US$100.00 laptops for sale, just US$400.00 each



  • http://www.businessweek.com/technology/content/sep2007/tc20070923_960941.htm?campaign_id=rss_daily

     

    (...)the so-called $100 laptop is ready to go into production in October.(...)

    (...)The computers, now called XO Laptops, will cost about $188 each to produce initially, nearly twice the original estimate; and, so far, not a single government has written a check.(...)

    (...)That's why on Sept. 24, the OLPC announced a money-raising gambit called "Give 1 Get 1." Originally, the organization had no set plans to sell or distribute the computers in the U.S. Now it's hoping to capitalize on widespread interest from American gadget fans to raise enough money to pay for shipments of XO Laptops to four countries that are among the poorest of the poor: Afghanistan, Cambodia, Haiti, and Rwanda(...)

    (...)Under Give 1 Get 1, which will run for two weeks starting Nov. 12, U.S. customers will be able to pay $399 to buy two laptops: one for themselves and one to be shipped to a child in one of those four countries(...)

    I don't know about cambodja, but in Afghanistan the machines could probably fall on the hands of Talebans. They could also end up with rebels in Haiti or those guys in Rwanda who nearly extermined the whole of the Hutu ethnical group back in 1994 in Rwanda. But what really strikes me as odd is paying 400 bucks for a machine which used to be advertised as the hundred-dollar laptop.



  • [quote user="Renan "C#" Sousa"]

    I don't know about cambodja, but in Afghanistan the machines could probably fall on the hands of Talebans. They could also end up with rebels in Haiti or those guys in Rwanda who nearly extermined the whole of the Hutu ethnical group back in 1994 in Rwanda. But what really strikes me as odd is paying 400 bucks for a machine which used to be advertised as the hundred-dollar laptop.

    [/quote]

    And what exactly would happen if the Talebans or the Hutu militias get hold of a OLPC? It's not exactly the kind of High-Tech you would use for weapons. 

    BTW: it was the Hutu militia who nearly exterminated the Tutsi, not the other way round. 



  • @ammoQ said:

    [quote user="Renan "C#" Sousa"]

    I don't know about cambodja, but in Afghanistan the machines could probably fall on the hands of Talebans. They could also end up with rebels in Haiti or those guys in Rwanda who nearly extermined the whole of the Hutu ethnical group back in 1994 in Rwanda. But what really strikes me as odd is paying 400 bucks for a machine which used to be advertised as the hundred-dollar laptop.

    And what exactly would happen if the Talebans or the Hutu militias get hold of a OLPC? It's not exactly the kind of High-Tech you would use for weapons. 

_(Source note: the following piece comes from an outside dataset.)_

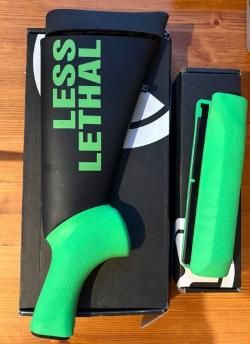 Комплект Hogue Less Lethal для Remington 870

    BTW: it was the Hutu militia who nearly exterminated the Tutsi, not the other way round. 

    [/quote]

     

    Imagine the horror! - hordes of mean-eyed Taleban coming atcha armed with cheap laptops. If they are anything like my old Sony, they will not only be useful for beating people over the head, but they can also dual-purpose as an incendiary device.

     

     



  • ¬¬

     It not about terrorists getting cheap toys for free. I was calling attention on the fact the the laps will probably end up with people other than the ones to whom they were meant to be given.



  • [quote user="Renan "C#" Sousa"]

    ¬¬

     It not about terrorists getting cheap toys for free. I was calling attention on the fact the the laps will probably end up with people other than the ones to whom they were meant to be given.

    [/quote]

    Just like any other aid you send to poor countries. Dictators in Africa even "farm" starving people so they get lots of aid from the rich countries. Really helping them would cut the revenue stream. 



  • @ammoQ said:

    [quote user="Renan "C#" Sousa"]

    ¬¬

     It not about terrorists getting cheap toys for free. I was calling attention on the fact the the laps will probably end up with people other than the ones to whom they were meant to be given.

    Just like any other aid you send to poor countries. Dictators in Africa even "farm" starving people so they get lots of aid from the rich countries. Really helping them would cut the revenue stream. 

    [/quote]

    This is very true - most of the "aid" sent to third world countries ends up in the hands of the rich, through the usual collection of pricing scams (you send them $500 to buy food, and the local plutocrats decide that a loaf of bread is selling for $500 today). Naturally, it never happens in the villages that the media visits.

    However, it's not just the dictators. US-based corporations are responsible for a lot of it too. I doubt there are any multinational megacorps who don't have blood on their hands.